In general, I am more a fan of square tarps than rectangular. Their symmetrical nature gives more pitching options. Alpkit do now offer a couple of square tarps but they are completely different, being made of polyester and not having any lift points on the face of the tarp. Having said that, the Rig 7 can be pitched in a lot of different ways. I more usually use it as a shelter for cooking under. Here it is pitched in a simple lean-to in the Lake District. This protected us from the breeze and was big enough for two of us to cook under (oh ok then, and also enjoy a nip of whisky before turning in!).
Pitched like this it was bowing a bit in the breeze, which you’d expect as it’s a pretty large surface area. I could have used some of the lifter points on the rear of the tarp to reduce this, but I didn’t find it necessary. The protected area was more than enough.
If the weather is going to be wet, or you would like a bit more protection whilst you cook, you can position the poles one tie out point back from the corner to create a beak, as seen here during a trip to Snowdonia. This is basically an asymmetric A-frame. On this trip, as is quite normal for Wales, I experienced sun, rain and hail in the hour it took to have lunch. The beak helped to keep the rain and hail off of me and I was completely protected. It was definitely a lot more pleasant than trying to cook without a tarp!
If you are bivvying under the tarp you can pitch this in a number of configurations that are more weather resistant. Here’s an example from a bivi in the Cambrian mountains, at around 700 metres. It was quite windy and wet at the beginning of the night (winds around 25 mph) so I used one of the lifters to raise the rear. This is probably best described as a variation of the ‘asymmetric holden’. By using the lifter I had plenty of space for a hooped bivi, my pack and boots and I was able to cook out of the rain quite easily. I was very well protected from the wind, which was obviously coming from the side of the tarp I had pegged down to the ground.
When bivvying with the tarp I’d say there are two things it lacks, at least one of which is easily solved. Firstly, that rear lifter point was certainly taking some stress in the wind. It could do with some elastic looped through it to take some of the strain and prevent damage. I will probably do this with mine, it’s an easy addition. Secondly it lacks any mitten hooks underneath the tarp for guying up a bivi or hanging a light from.

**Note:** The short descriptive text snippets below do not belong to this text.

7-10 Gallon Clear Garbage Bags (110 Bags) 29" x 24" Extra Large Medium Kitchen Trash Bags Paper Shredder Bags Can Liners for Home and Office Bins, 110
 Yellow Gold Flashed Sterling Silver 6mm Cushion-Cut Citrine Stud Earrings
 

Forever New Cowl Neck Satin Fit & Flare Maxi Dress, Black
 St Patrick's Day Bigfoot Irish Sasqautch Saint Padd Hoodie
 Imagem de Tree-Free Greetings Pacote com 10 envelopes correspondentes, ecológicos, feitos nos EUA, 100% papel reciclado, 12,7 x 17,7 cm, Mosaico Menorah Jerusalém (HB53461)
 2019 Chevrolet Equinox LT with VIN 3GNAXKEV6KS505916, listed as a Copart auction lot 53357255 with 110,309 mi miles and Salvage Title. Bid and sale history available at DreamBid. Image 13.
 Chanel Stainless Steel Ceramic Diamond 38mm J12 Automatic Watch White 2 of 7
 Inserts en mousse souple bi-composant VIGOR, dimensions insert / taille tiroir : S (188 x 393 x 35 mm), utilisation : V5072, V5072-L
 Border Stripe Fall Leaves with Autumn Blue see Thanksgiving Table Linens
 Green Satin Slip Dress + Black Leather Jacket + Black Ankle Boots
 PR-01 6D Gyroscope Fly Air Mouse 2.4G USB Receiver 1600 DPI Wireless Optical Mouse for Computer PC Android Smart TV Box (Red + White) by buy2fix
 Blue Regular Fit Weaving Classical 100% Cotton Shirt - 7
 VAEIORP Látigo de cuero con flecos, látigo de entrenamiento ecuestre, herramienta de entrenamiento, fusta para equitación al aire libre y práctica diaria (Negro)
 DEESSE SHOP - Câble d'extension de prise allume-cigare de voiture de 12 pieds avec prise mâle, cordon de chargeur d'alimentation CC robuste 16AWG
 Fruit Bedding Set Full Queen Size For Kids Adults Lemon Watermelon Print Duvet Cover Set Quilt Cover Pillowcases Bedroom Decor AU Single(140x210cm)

In my opinion, this tarp is not big enough for hammocking under. For that I use a Hilleberg Tarp 10 XP, which is quite a bit bigger and provides a good amount of protection when out with a hammock. Conversely though, the Hilleberg Tarp has relatively few guy out points, none on the face of the tarp itself, and has been designed in my opinion primarily for pitching as an A-frame (which is perfect when I’m in my hammock). It’s double the weight of the Rig 7, so if I were selecting a flat tarp to go hiking with I’d choose the Alpkit.
You can use line loks with the tarp to tension it, but learning just a couple of simple knots will make you much more versatile, reduce weight and bulk and there will be one less thing to break when you’re out camping. There are three knots I’d recommend you to learn that will deal with pretty much all of your tarp needs. You can find an article on tying them here.
All in all, this is a good quality tarp. It’s great value even at full price, but if bought during a sale really is a bargain. if you are looking for a flexible, lightweight shelter and are prepared to learn some knots and develop the pitching skills, this is a great option. Highly recommended.
Note: I paid for my tarp with my own money, and have no association with Alpkit.